Greece’s climate is perfect for growing olive and lemon trees, producing two of the most important elements of Greek cooking. Greek olive oil deserves a special note. This characteristic and ancient element of Greek cuisine is of excellent quality and adds to the distinctive taste of Greek food.
Greek cuisine favours certain native herbs and flavourings, namely: oregano, mint, garlic, onion, dill and bay laurel leaves. Other common herbs and spices include basil, thyme and fennel seed. However, many Greek recipes, especially in the northern parts of the country, use “sweet” spices in combination with meat, for example cinnamon and cloves in stews, though these are not native to Greece.

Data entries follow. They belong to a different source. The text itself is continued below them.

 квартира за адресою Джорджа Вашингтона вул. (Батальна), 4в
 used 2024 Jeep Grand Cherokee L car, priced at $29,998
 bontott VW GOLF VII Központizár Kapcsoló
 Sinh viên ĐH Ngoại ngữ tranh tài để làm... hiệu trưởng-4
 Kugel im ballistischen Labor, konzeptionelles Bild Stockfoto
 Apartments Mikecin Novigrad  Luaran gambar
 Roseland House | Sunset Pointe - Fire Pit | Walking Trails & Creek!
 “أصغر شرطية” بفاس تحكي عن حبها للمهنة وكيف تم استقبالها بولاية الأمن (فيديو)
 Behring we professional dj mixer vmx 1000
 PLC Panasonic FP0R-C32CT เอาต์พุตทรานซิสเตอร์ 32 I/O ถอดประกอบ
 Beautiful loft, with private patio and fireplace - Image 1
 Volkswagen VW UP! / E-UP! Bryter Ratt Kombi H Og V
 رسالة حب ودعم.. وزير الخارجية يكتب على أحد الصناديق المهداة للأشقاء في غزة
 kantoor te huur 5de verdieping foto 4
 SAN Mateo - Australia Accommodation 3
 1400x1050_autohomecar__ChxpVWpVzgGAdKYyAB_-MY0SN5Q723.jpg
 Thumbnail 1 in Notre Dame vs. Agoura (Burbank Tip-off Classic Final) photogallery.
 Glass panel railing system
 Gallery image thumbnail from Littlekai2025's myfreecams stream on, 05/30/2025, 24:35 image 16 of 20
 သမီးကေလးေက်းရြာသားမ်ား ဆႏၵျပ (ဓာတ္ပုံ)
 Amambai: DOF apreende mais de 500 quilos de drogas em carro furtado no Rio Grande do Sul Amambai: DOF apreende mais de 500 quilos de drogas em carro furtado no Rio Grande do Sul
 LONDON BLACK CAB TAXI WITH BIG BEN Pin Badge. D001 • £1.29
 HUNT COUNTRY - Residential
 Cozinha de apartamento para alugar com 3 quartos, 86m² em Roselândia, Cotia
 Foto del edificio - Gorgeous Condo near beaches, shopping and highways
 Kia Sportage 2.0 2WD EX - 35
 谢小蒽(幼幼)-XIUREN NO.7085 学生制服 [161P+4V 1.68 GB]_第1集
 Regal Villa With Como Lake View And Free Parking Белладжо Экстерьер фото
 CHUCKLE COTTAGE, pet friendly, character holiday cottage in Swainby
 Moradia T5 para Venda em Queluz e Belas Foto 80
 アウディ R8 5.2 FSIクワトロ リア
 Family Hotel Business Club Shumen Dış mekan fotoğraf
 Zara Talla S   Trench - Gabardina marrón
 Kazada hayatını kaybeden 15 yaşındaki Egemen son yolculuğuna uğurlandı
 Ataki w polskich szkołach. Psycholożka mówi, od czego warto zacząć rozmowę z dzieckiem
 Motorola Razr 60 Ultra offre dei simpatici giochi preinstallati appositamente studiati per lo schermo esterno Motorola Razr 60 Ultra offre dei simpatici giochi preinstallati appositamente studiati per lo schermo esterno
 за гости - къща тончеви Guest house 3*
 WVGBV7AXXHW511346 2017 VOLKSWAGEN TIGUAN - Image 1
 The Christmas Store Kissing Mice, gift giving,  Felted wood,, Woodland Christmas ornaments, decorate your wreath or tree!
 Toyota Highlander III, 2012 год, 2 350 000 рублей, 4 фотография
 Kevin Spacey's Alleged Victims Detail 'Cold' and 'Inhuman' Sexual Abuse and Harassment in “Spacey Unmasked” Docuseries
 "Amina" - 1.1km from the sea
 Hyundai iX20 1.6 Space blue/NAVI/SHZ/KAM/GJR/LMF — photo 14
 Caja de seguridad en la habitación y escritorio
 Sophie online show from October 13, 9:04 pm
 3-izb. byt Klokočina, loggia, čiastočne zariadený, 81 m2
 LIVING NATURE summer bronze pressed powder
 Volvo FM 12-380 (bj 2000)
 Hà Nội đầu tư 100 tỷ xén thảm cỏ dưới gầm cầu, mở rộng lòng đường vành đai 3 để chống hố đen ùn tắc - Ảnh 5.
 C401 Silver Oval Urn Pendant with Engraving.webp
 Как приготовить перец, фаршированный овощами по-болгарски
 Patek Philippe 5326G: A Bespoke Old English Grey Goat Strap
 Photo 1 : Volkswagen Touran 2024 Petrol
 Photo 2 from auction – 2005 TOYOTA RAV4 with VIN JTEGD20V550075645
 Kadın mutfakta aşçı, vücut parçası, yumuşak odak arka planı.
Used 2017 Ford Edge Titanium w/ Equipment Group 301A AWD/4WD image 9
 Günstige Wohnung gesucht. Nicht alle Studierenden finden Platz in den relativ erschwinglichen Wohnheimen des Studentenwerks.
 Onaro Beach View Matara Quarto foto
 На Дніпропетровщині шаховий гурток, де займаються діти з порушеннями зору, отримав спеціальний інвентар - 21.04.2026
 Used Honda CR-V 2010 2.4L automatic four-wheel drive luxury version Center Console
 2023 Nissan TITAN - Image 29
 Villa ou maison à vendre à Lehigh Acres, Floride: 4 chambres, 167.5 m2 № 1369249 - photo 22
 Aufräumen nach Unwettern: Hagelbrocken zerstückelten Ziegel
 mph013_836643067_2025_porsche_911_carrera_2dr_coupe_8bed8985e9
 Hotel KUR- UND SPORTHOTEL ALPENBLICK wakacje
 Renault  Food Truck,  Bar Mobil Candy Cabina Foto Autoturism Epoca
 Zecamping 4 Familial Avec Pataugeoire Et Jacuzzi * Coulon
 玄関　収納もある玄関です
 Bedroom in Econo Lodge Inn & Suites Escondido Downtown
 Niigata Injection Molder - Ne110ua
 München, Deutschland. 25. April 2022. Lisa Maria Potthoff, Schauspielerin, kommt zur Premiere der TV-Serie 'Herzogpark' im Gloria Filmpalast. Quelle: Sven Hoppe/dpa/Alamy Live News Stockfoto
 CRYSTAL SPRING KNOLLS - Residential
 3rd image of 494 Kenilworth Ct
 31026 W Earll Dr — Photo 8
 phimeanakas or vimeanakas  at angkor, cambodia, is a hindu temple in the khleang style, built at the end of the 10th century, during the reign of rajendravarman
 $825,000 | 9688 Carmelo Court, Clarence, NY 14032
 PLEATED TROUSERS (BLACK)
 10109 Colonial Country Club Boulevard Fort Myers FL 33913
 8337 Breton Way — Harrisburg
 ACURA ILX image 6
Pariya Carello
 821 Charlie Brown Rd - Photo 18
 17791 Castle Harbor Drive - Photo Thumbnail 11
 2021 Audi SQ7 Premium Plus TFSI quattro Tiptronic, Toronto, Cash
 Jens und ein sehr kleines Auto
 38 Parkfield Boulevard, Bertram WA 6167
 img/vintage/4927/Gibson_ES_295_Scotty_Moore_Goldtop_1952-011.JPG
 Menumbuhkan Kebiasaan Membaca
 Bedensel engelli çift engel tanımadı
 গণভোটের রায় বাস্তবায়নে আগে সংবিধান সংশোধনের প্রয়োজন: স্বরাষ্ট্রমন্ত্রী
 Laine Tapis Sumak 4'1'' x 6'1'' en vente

These are the foods and herbs that form the base of the traditional Greek regimen, to which they add both variety and nutrition. With much of Greece made up of islands – and no part of the Greek mainland more than 90 miles from the sea – fish and seafood are a popular and common part of the Greek diet. The climate and mountainous terrain has tended to favour the breeding of goats and sheep, which are allowed to graze freely, and thus produce cuts of excellent quality. Lamb and goat (kid) are the traditional meats of holidays and festivals. Poultry, beef and pork are also in plentiful supply, with some ancient Greek pig breeds undergoing a revival.
Honey in Greece is very pure and of high quality. It is mainly from the nectar of fruit and citrus trees: lemon, orange and bitter orange, thyme honey, and pine honey, with some excellent coumarin honey, with its unusual, almost savoury taste. Greeks love honey and produce many delicious desserts with it.
Mastic (aromatic, ivory coloured resin), with its unique culinary and health benefits is native to the Aegean island of Chios and can only be found there.
A great variety of cheese types are used in Greek cuisine, including the world famous feta cheese made from goat and sheep’s milk, but also other white cheeses such as: anthotyros, manouri, metsovone and mizithra and matured yellow cheeses such as: kasseri, kefalotyri, graviera, to name just a few.